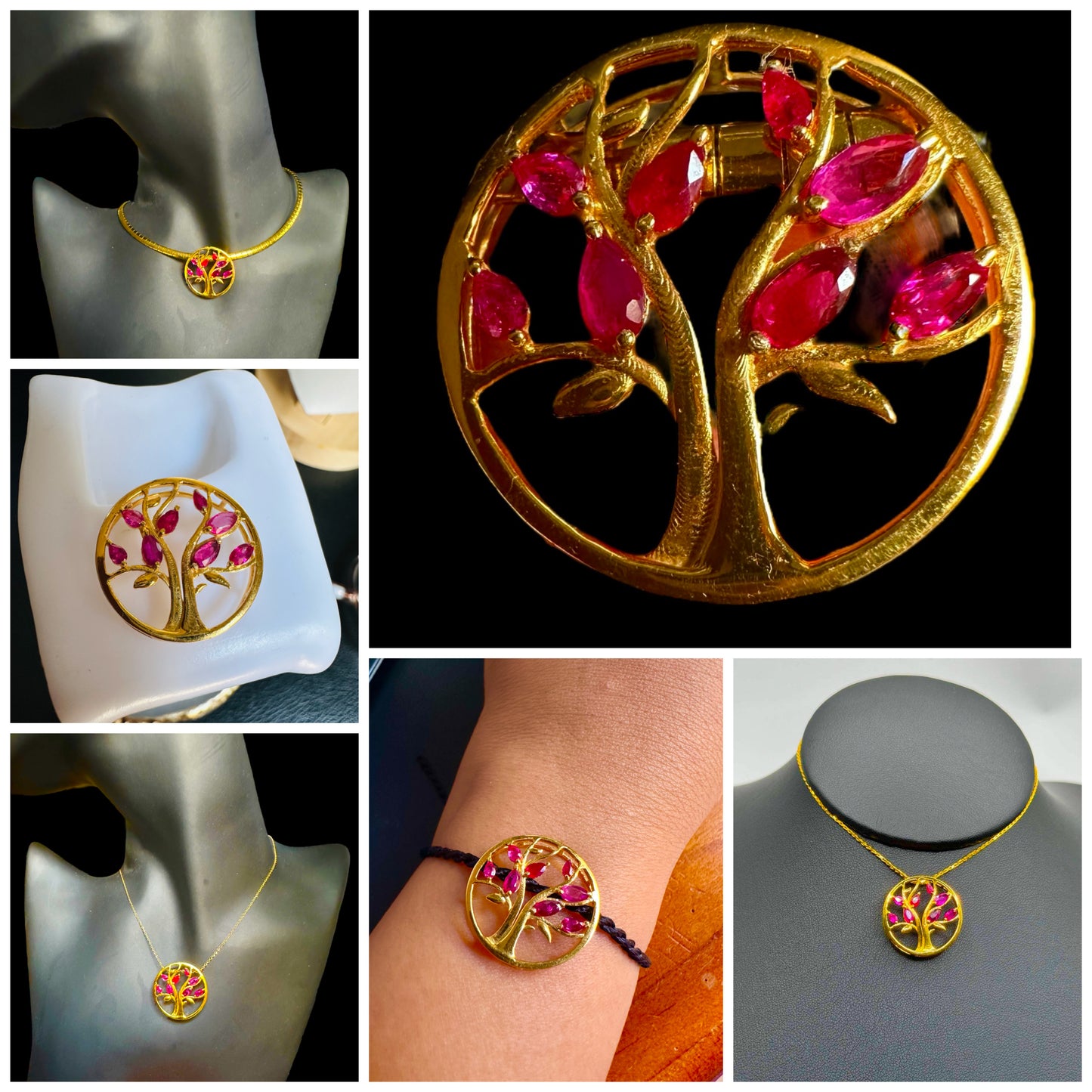 Modern Tree of Life Pendant with Natural Unheated Burmese Rubies on a Solid Gold Chain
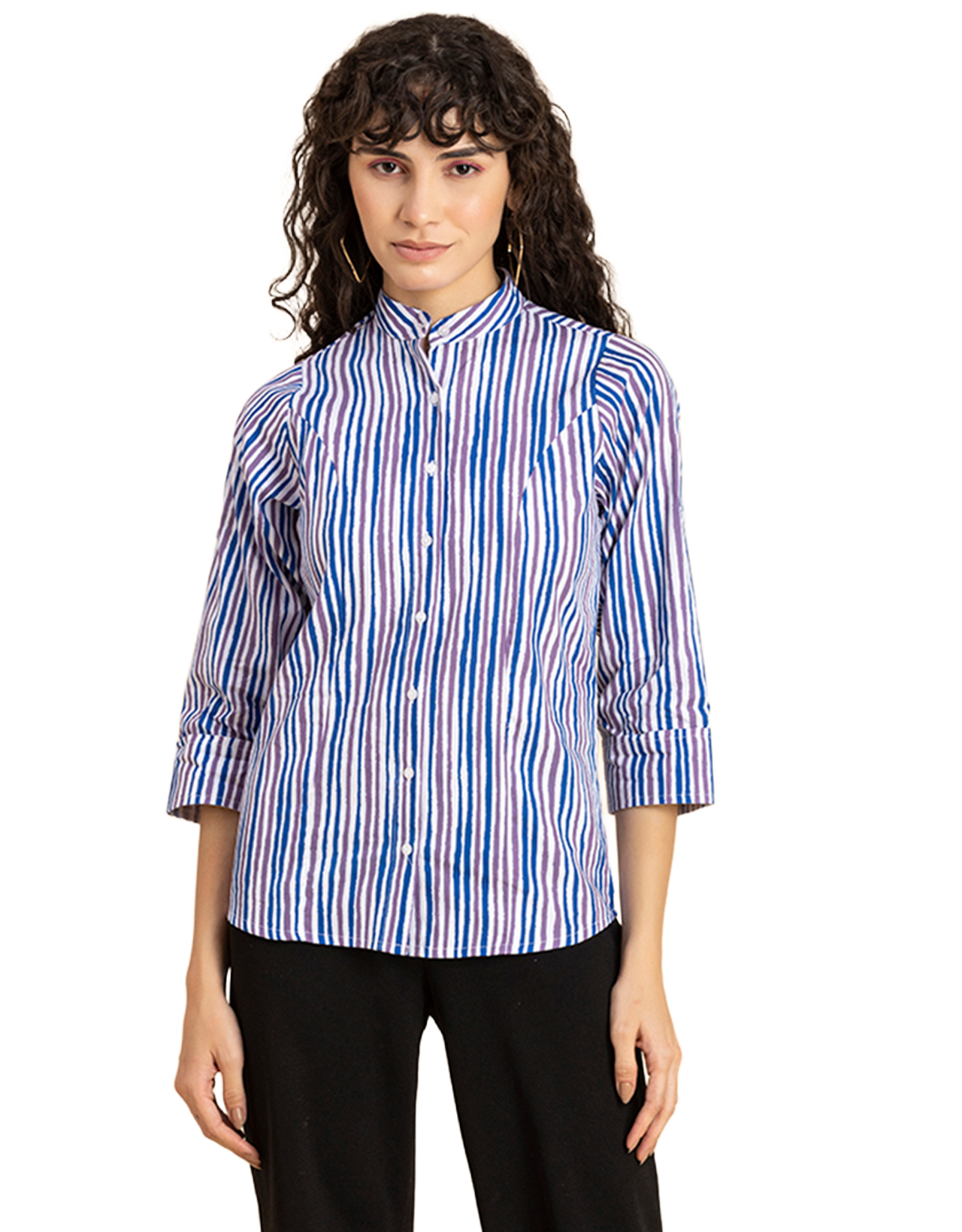 Printed Cotton Shirt, Mandarin Collar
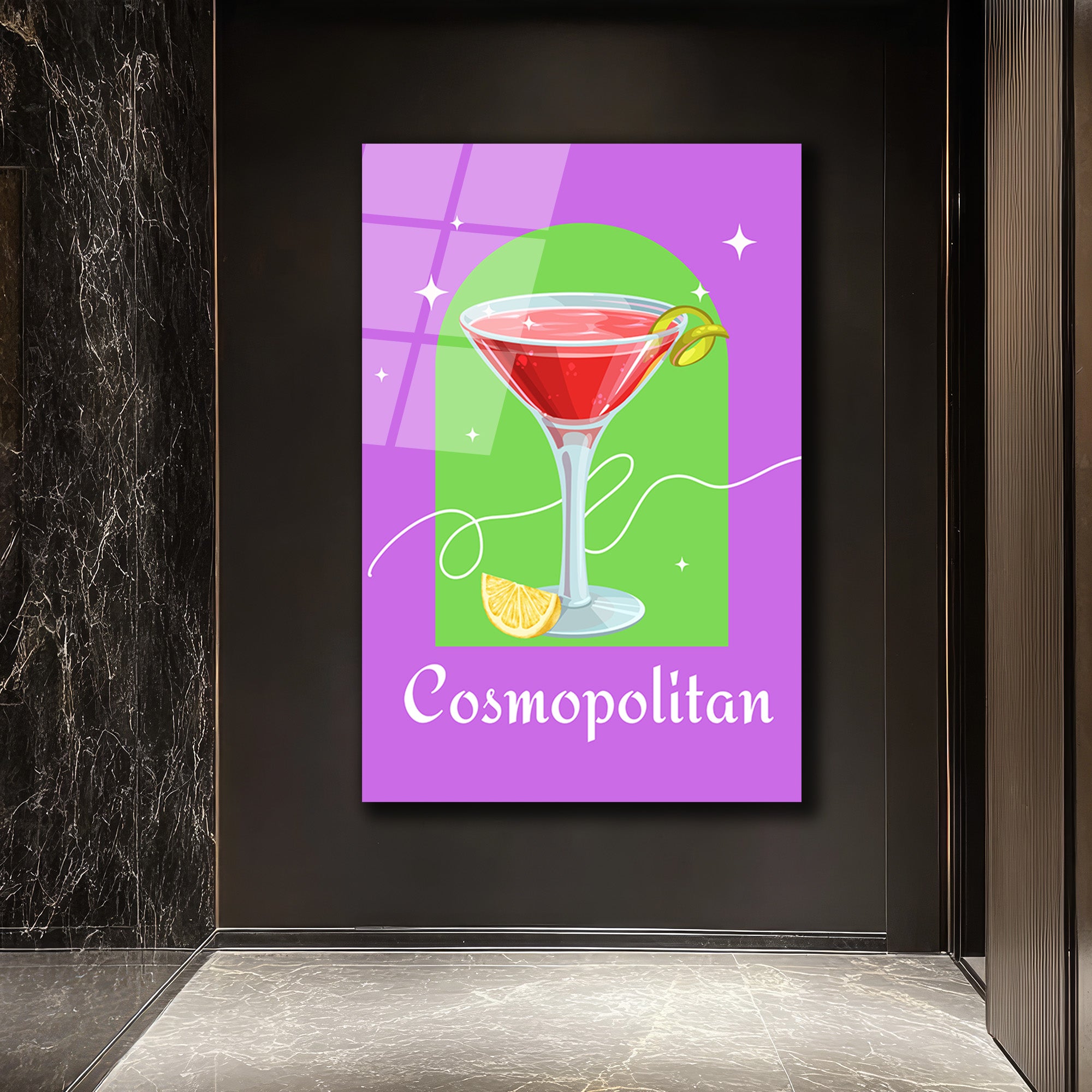 Cosmopolitan Kokteyl Sanat Cam Tablo - Modern Bar Dekorasyonu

• • • •

# [Prompt]
A verbatim copy is needed of the lines running from the line with "Printed Cotton Shirt, Mandarin Collar" to the end of the data above, both included. Keep the pictures out of it.

# [Written reply]
 Printed Cotton Shirt, Mandarin Collar
 Cosmopolitan Kokteyl Sanat Cam Tablo - Modern Bar Dekorasyonu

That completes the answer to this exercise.